What cell size does that light call for in it's specs ?

~


----------



## Changchung (Feb 17, 2012)

Well... Something ago I post in the SD thread that some of mine 18650 like a gray and blue trustfire dosent fit, so, I start to use unprotected, in this case is a LG 2600mha. In this case I think that the size is not the problem, is the spring is so hard, and I leave the bezel lose, I dont know what can happen if I dont it... Anyway I think that this light cant handdle protected batteries without make a spring mod... Cut it like you say...


SFMI4UT


----------



## Changchung (Feb 17, 2012)

The size of the battery is 6,5cm almost 6,6cm

It is short...


SFMI4UT


----------



## skyfire (Feb 17, 2012)

*Re: My SD light is pressing so much the battery*

wow ive never seen any of my lights do that to a battery.
cant imagine what that would do to a protected 18650.


----------



## Changchung (Feb 17, 2012)

Know I dont want put any expence battery in this light... 


SFMI4UT


----------



## TooManyGizmos (Feb 17, 2012)

*Re: My SD light is pressing so much the battery*

~

I think I'd be contacting the maker of the light .... with questions .

~


----------



## Changchung (Feb 18, 2012)

TooManyGizmos said:


> ~
> 
> I think I'd be contacting the maker of the light .... with questions .
> 
> ~



I will do...

Any others user had this issue or similar???

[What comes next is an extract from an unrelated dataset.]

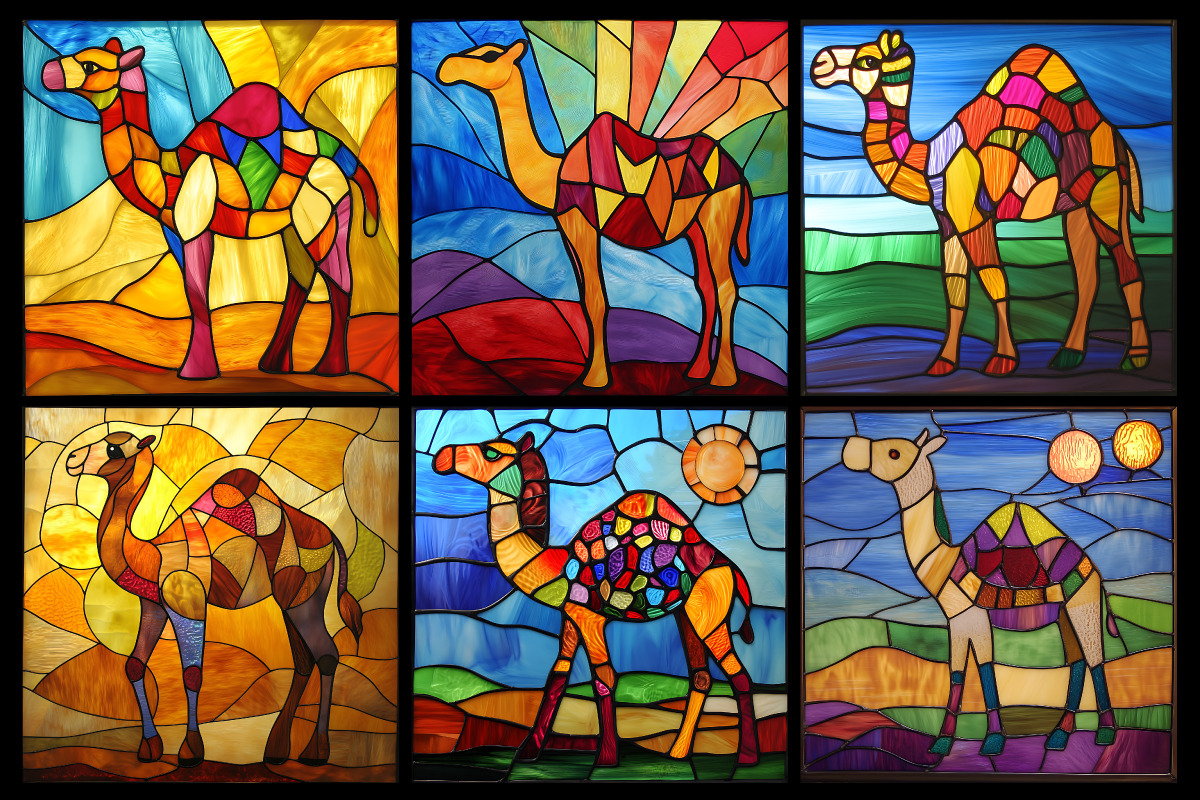 Stained Glass Camel Coloring Pages, an Object Illustration by protabsorkar11 (Photo 2 of 6)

What batteries are you using???


SFMI4UT


----------



## varuscelli (Feb 20, 2012)

*Re: My SD light is pressing so much the battery*

That's just incredible. 

It looks more like someone took a hammer and a punch to the battery. I can't imagine how a tailcap and spring could put the kind of pressure on battery lo leave such an indentation.


----------



## Changchung (Feb 20, 2012)

Yes, and the tailcap was loose... I send a mail to Xyber already...


SFMI4UT


----------



## TooManyGizmos (Feb 20, 2012)

*Re: My SD light is pressing so much the battery*

~

What exact light did that ?

What did you mean when you said your " SD light " ?

~


----------



## Esko (Feb 20, 2012)

*Re: My SD light is pressing so much the battery*

This surely seems quite incredible. No flashlight spring is strong enough to do that, except maybe when fully compressed. But SD6 is made of very thin materials and the other spring in the other end is directly attached to the circuit board. Surely the light should break a lot easier.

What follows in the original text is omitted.